# Pride and UFC belt unification



## Kenpo_student (Oct 4, 2002)

If the Pride champions in light heavy and heavyweight were to fight the champions from Ufc who do you guys think would win?

Wanderlei Silva v. Tito Ortiz - A rematch of a classic MMA war. Tito squeezed out a win in that one but I don't see it happening again. Silva is a much smarter and well rounded fighter now than he was then. I see Silva getting a sprawl on Tito and soccer kicking him in the face for a referee stoppage. This would be an awesome fight though no matter how it turned out.


Antonio Rodrigo Noguera v. Ricco Rodriguez - I think Nog would dominate this one. He just has all the skills good boxing(he out boxed Herring who is a better boxer than Ricco) and the most technically sound submissions for a heavyweight. Ricco is good but his whole game is trying to get someone down and GnP them. This plays right into Nog's game and he would submit him rather quickly probably with a triangle.
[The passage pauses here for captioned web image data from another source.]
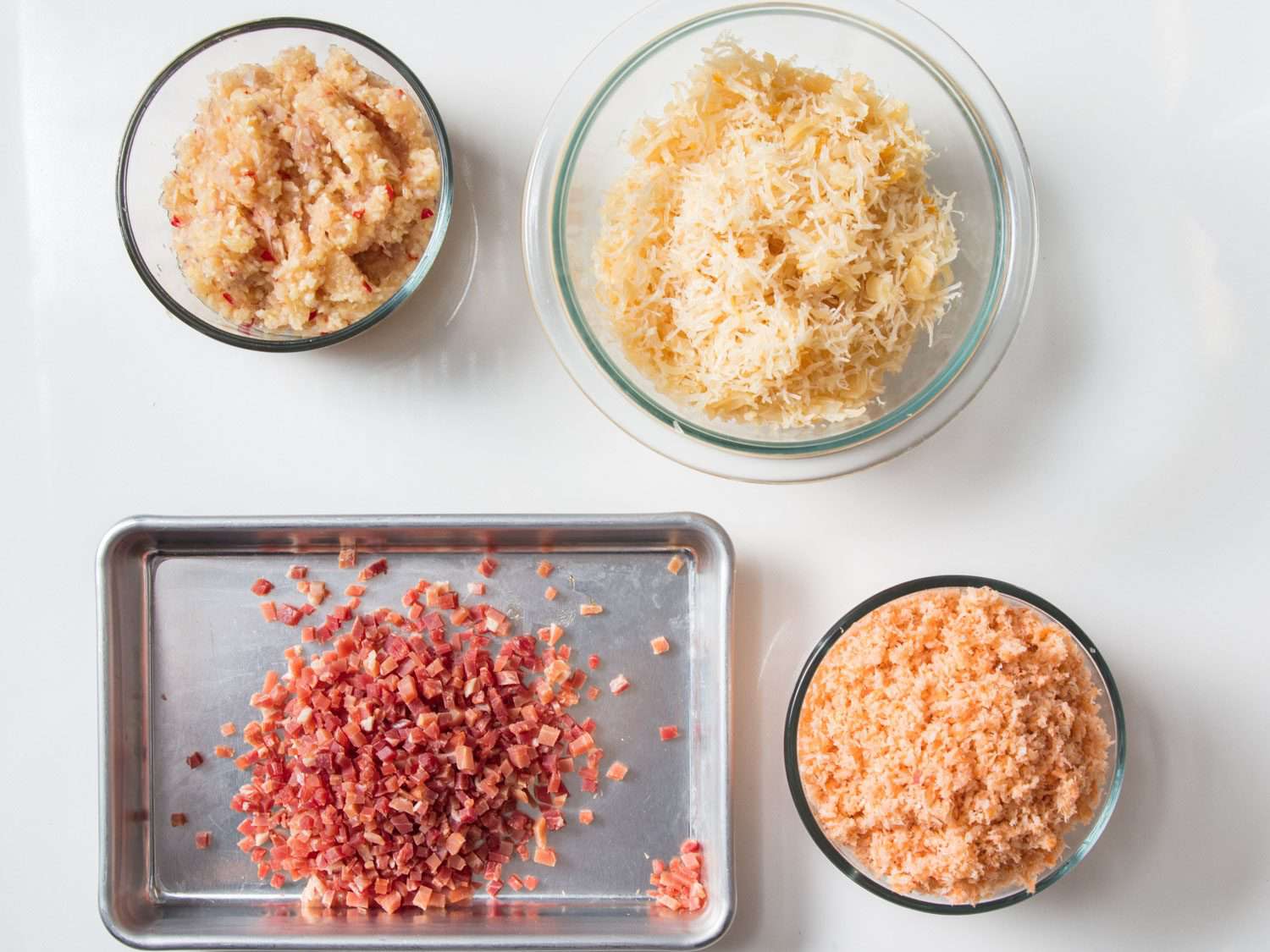 Processed aromatics, scallops, shrimp, and diced ham in separate bowls for XO sauce.
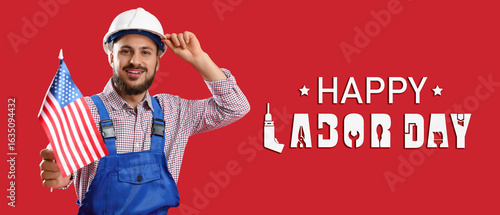 Male worker in hardhat with...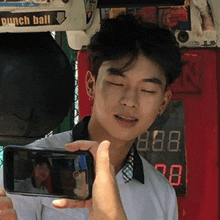 a man is taking a picture of himself with a punch ball in the background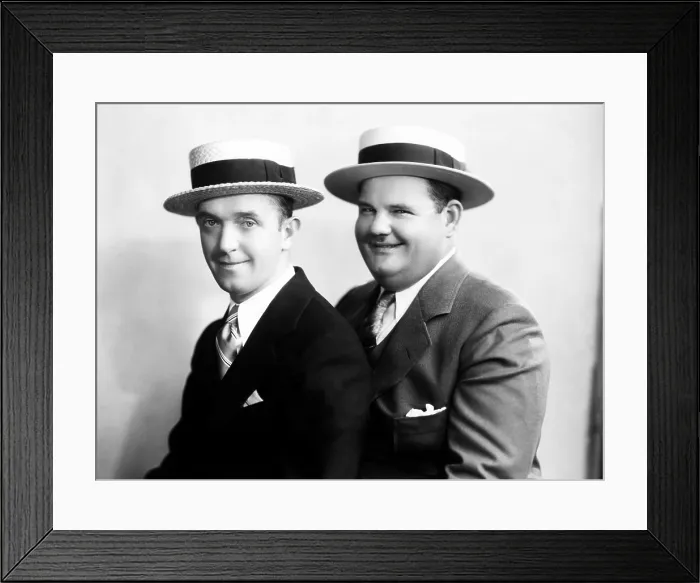 Framed Print : STAN LAUREL and OLIVER HARDY [Laurel & Hardy] in an early Hal Roach studio portrait shot, c. mid 1920s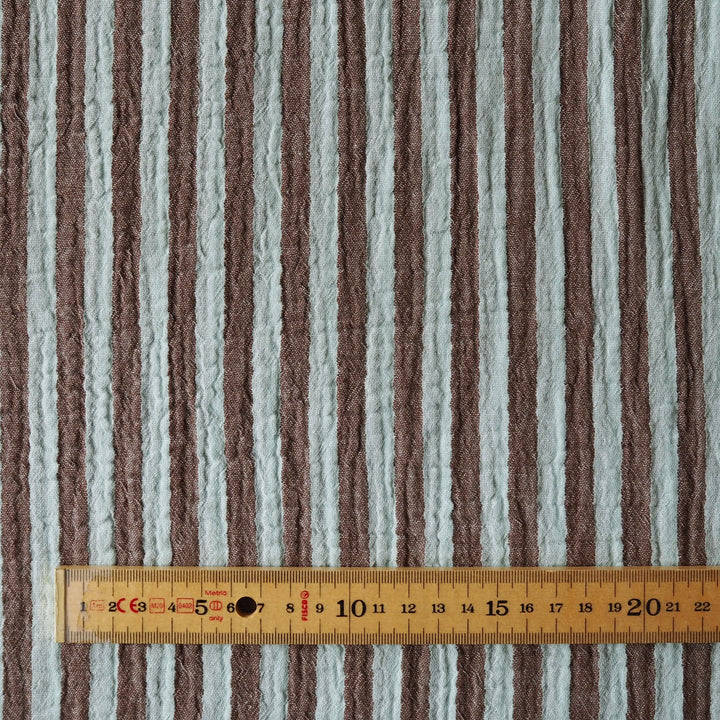A close-up of a striped fabric with alternating vertical bands of taupe-brown and light gray, shown with a wooden ruler at the bottom for scale.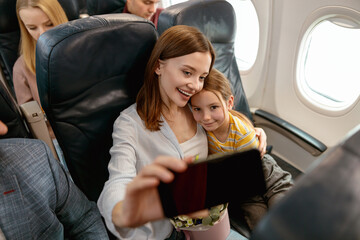 Wall Mural - Happy mother and daughter making selfie in airplane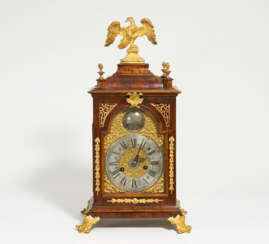 Veneered rococo commode clock with gilt bronze appliqués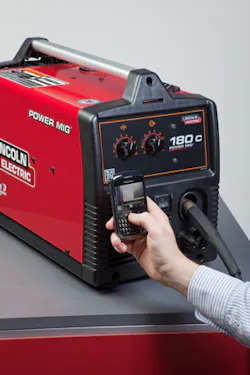 A mobile phone with a camera is being used to scan the 2D Microsoft Tag barcode on a Power MIG 180 to access information about t A mobile phone with a camera is being used to scan the 2D Microsoft Tag barcode on a Power MIG 180 to access information about t
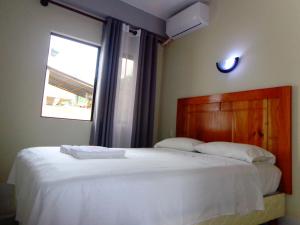 a bedroom with a large white bed with a window at Pampa & Selva in Rurrenabaque +10 photos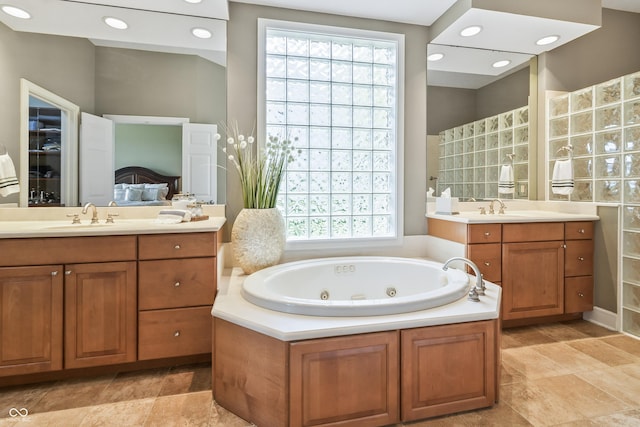 16502 Grand Cypress Dr, Noblesville, IN 46060 - bathroom with a whirlpool tub, two vanities, and ensuite bath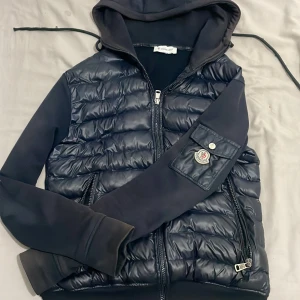 Svart pufferjacka med huva från Moncler - Snygg svart pufferjacka från Moncler med huva och dragkedja. Jackan har quiltade partier framtill och på ärmen finns Moncler-logga och ficka med knapp. Materialmix med glansig polyester och mjuka partier. Perfekt för dig som vill ha en stilren och sportig look. Jackan har nfc.  Priset kan diskuteras vid snabbäffär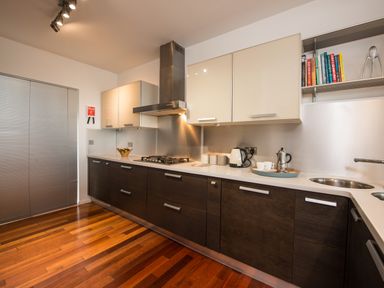 A kitchen with wooden lower cabinets and light upper cabinets a gas stove a kettle and cookbooks on a shelf at Rock Rose in Downderry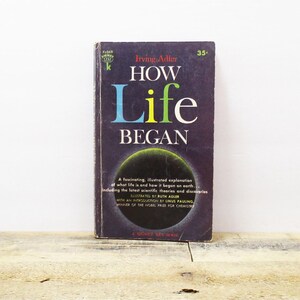 May include: A vintage paperback book titled "How Life Began" by Irving Adler. The cover features a dark blue background with a colorful illustration of a planet and the title in bold, colorful letters.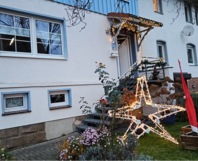 Weihnachtsstern aus Lichtern vor Haus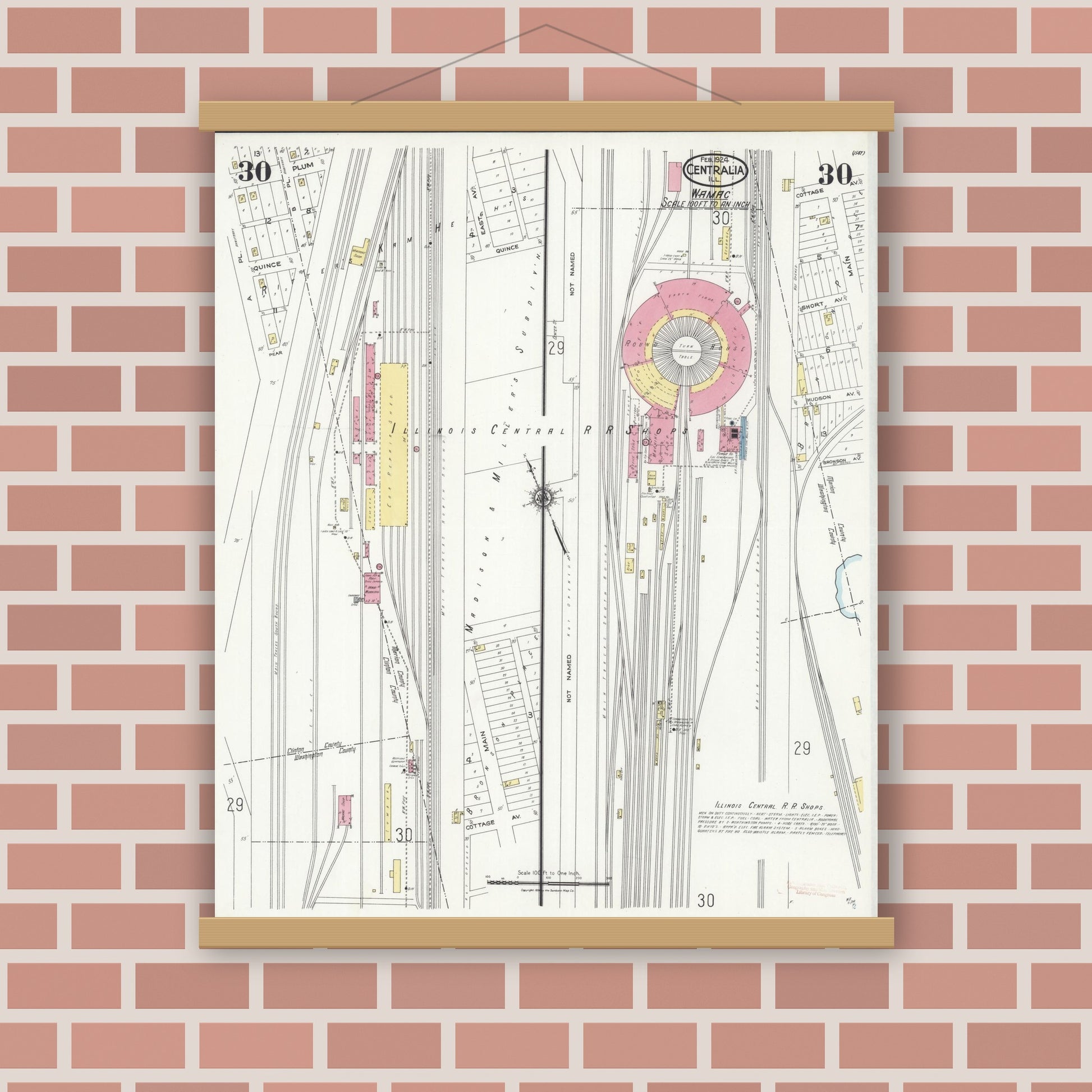 Old map wall art mockup — magnetic wood frame on brick wall — Sanborn Fire Insurance Map from Centralia, Marion, Clinton, Jefferson, and Washington Counties, Illinois (1924), Sheet #0030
So what do you think? Am I full of ****or what?

:rofl:


----------



## ace (Oct 4, 2002)

Ricco Over Nog.
Tito Over Silva his size differece
Tito is much bigger & better than he was then.
:armed: 
Good Stuff


----------



## ace (Oct 4, 2002)

It should be done in the Pride Ring 
:2pistols: 
Good Stuff


----------



## J-kid (Oct 5, 2002)

They could have a hybrid match Pride Vs UFC  .  It would be great a free for all ...jk  even though it would be cool.  But really knowing the people that run those things they proble put a cage around the pride ring.  I would REALLY injoy seeing some of those fights.


----------



## JDenz (Oct 5, 2002)

Ricco loses for sure in the Pride ring.  In a cage he has got a pretty fair shot.


----------



## ace (Oct 5, 2002)

Ricco is 3 - 0 in Pride


----------



## JDenz (Oct 5, 2002)

Ya but agianst nog all the sapce he is going to have will definitly help Nog.  Usally submissions are on Ricco's side but not in this fight.


----------



## ace (Oct 12, 2002)

Ricco can avoied Submisson

He has the tools to take Nog out
He just keeps geting Better.

He trains Smart

When He new he had
The Fight with Coture,  he brought in the best Wrestlers
To train with.

He would do the same with  Jiu Jitsu.
The Machados. Jsect

He can get the take down
& Yes he could hang on the feet
:snipe2: 
:shock: 
:snipe2: 
:shock: :boxing:


----------



## JDenz (Oct 19, 2002)

I would have to say that we will never see this anytime soon.  I would watch to see how Barnett does against Nog to get a true judge on how good the ufc fighters are compared to the Pride guys.


----------